Scraped caption text data:
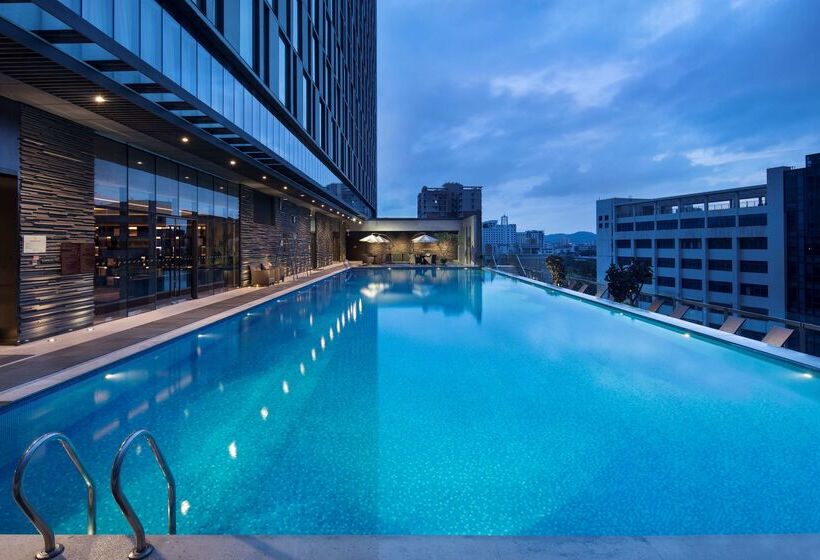 هتل Hilton Guangzhou Tianhe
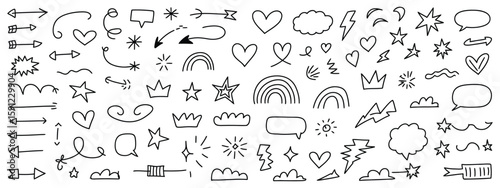 Hand Drawn Doodle Sketch Elements Set Featuring Arrows, Stars, Hearts, Circles, and Speech Bubbles in Grunge Style. Perfect for Notes, Decoration, and Creative Design Projects

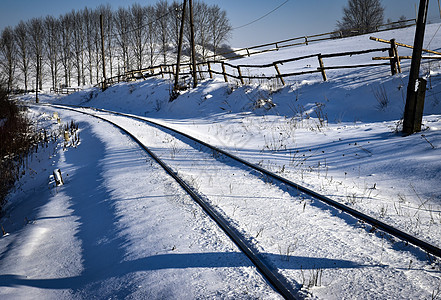 雪雪覆盖铁路轨图片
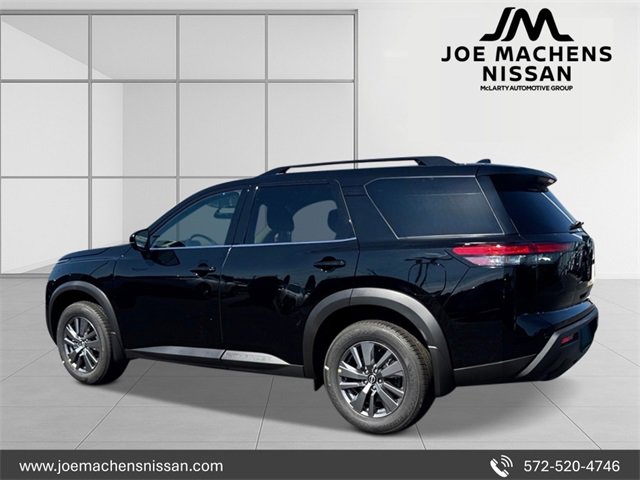 New 2025 Nissan Pathfinder SV w/ Black Appearance Package image 3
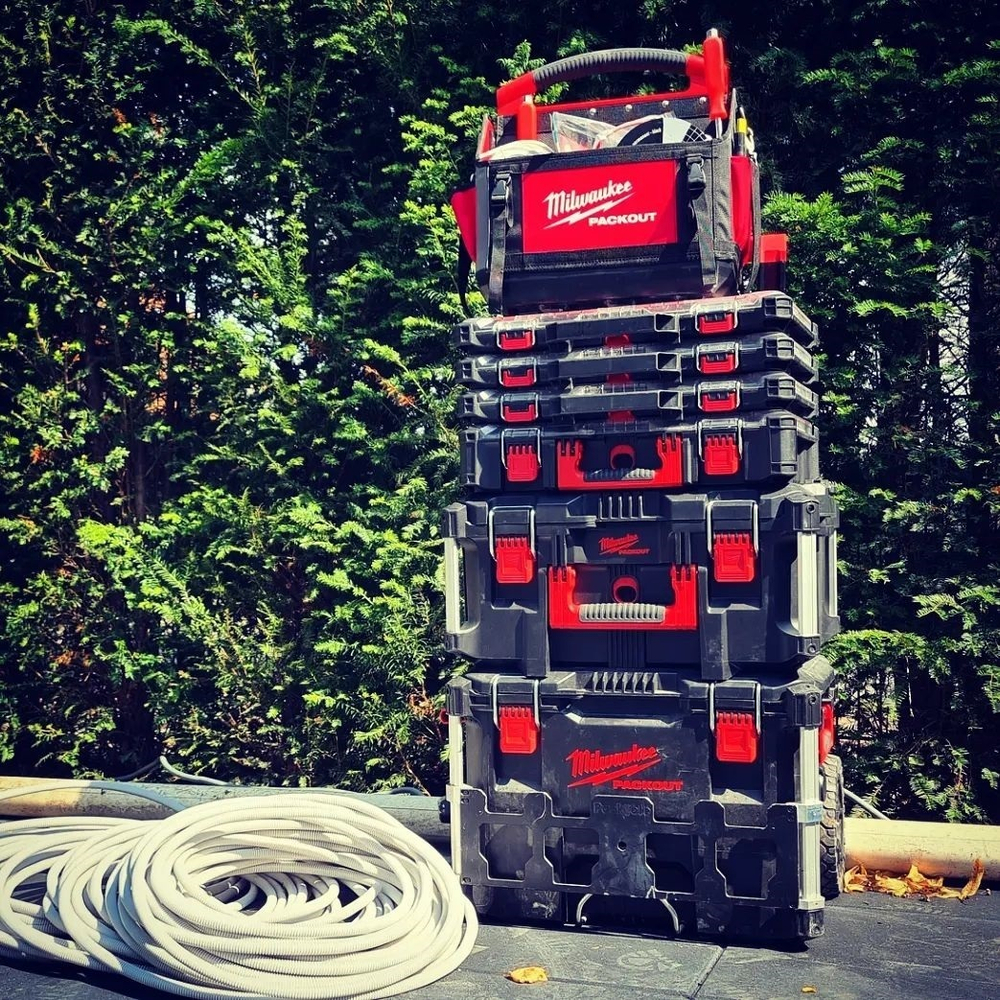 ХИТ! Набор 3 кейсов Milwaukee PACKOUT: Ящик на колесах + Большой ящик + Кейс 4932464244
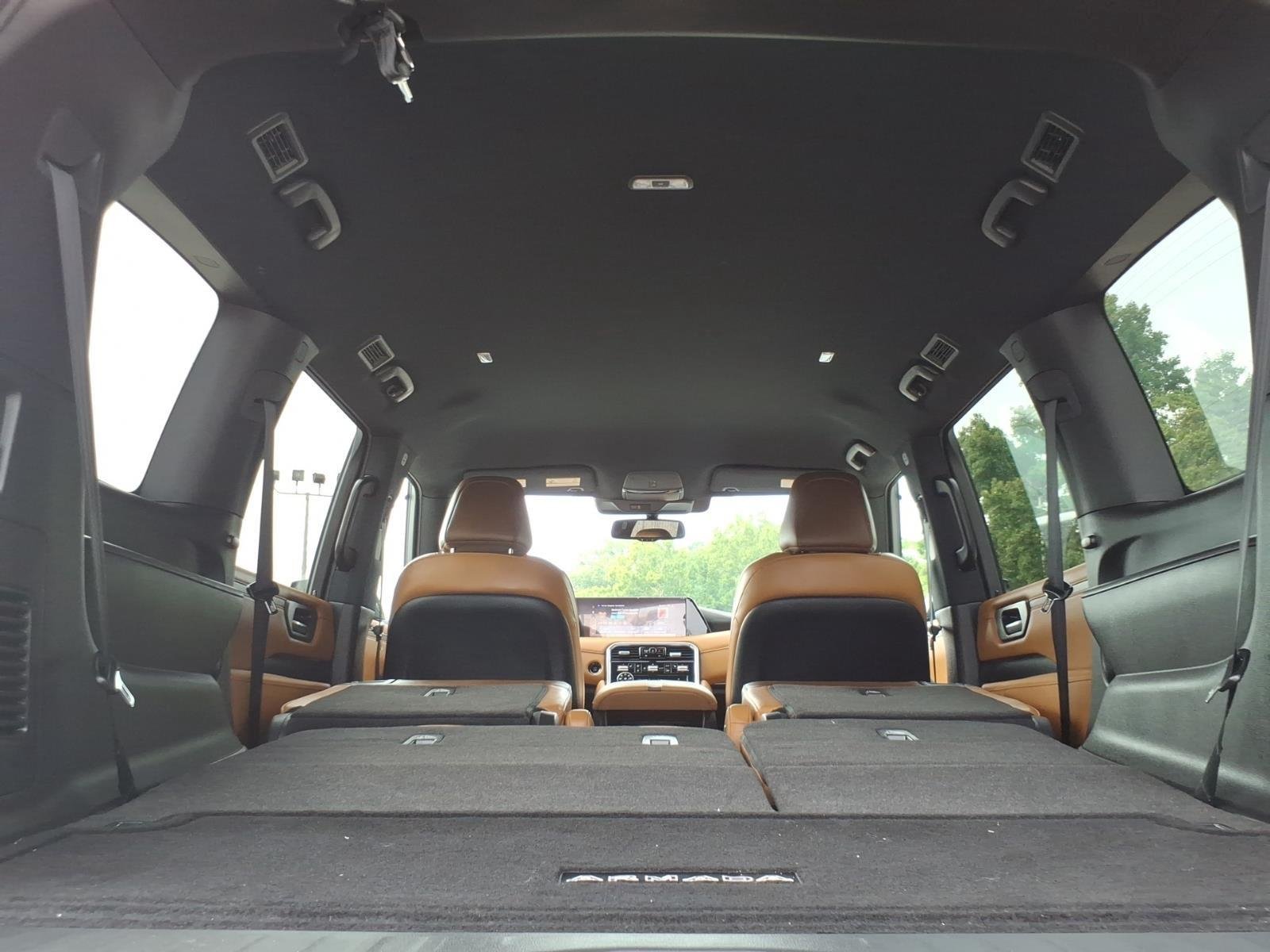 Used 2025 Super Black Nissan SL image 25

§ Problem to solve
Your task is to transcribe exactly the lines from the one containing "Hand Drawn Doodle" through the final line of the entries above, pictures excluded.

§ Exercise response
 Hand Drawn Doodle Sketch Elements Set Featuring Arrows, Stars, Hearts, Circles, and Speech Bubbles in Grunge Style. Perfect for Notes, Decoration, and Creative Design Projects

 雪雪覆盖铁路轨图片
 New 2025 Nissan Pathfinder SV w/ Black Appearance Package image 3
 ХИТ! Набор 3 кейсов Milwaukee PACKOUT: Ящик на колесах + Большой ящик + Кейс 4932464244
 Used 2025 Super Black Nissan SL image 25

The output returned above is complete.